BRUNO CAUTRES, POLITICAL ANALYST: The very good (inaudible) and the capacity of Francois Fillon was the capacity of Francois Fillon to talk to different targets of the right wing, the liberal right wing that wants less tax, less state. less civil servants but also the traditional Catholic right-wing -- anti- abortion, anti-gay marriage but also the most conservative part of the right wing that wants to protect France from the outside.

BELL: Francois Fillon will now be taking that platform to the broader electorate in the hope that it will allow his party to (inaudible) ruling socialists and the increasingly popular far right.

Melissa Bell, CNN -- Paris.

(END VIDEOTAPE) VANIER: If current polling projections are right, and that's still a big if, six months ahead of the presidential election, Fillon could well face the leader of the far right National Front Party Marine la Pen in the final round of the presidential vote next year.

A top National Front official says that Fillon's views are outdated.

(BEGIN VIDEO CLIP)

FLORIAN PHILIPPOT, DEPUTY LEADER, FRENCH NATIONAL FRONT PARTY: He's blowing smoke in people's eyes in the same way as the Sarkozy camp did. He presents himself as a hard liner and questions multiculturalism, national identity, immigration. If you do a bit of digging, if you look at a bit of his performance, what he did immediately his credibility weakens.
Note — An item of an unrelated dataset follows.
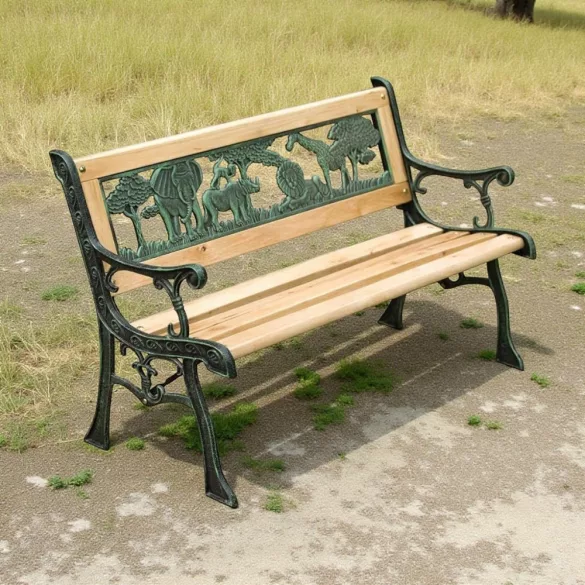 Strend Pro Mini Jumanji gyerek kerti pad, 82 x 39 x 50 cm, barna, öntöttvas háttámlával, fa ülőfelülettel, díszített állatos motívumokkal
And I noticed one particular thing -- Francois Fillon seems to have a problem with secularism. I don't know for what reason because of his personal beliefs perhaps but I know that he obviously has a problem with secularism where as I think we need a secularism that is strict.

(END VIDEO CLIP)

ALLEN: He also says the National Front Party welcomes Fillon as an opponent because of their striking differences over France's economy.

VANIER: Let's look at the U.S. politics now.

In the U.S. presidential election, winning the Electoral College apparently wasn't good enough for President-Elect Donald Trump. Now he's insisting that he also won the popular vote, even though Hillary Clinton beat him by more than two million ballots.

Nast: Fueling his irritation is an effort by the Green Party to recount votes in Wisconsin, Michigan and Pennsylvania. Trump won all three states and a recount probably won't change that but still on Sunday, he unleashed a barrage of tweets to complain without offering a shred of evidence, he alleged and here's the tweet, "Serious voter fraud in Virginia, New Hampshire and California, so why isn't the media reporting on this? Serious bias. Big problem."

VANIER: He went even further with this tweet. "In addition to winning the Electoral College in a landslide, I till won the popular vote if you deduct the millions of people who voted illegally." Again, he offered no evidence to back up his claim.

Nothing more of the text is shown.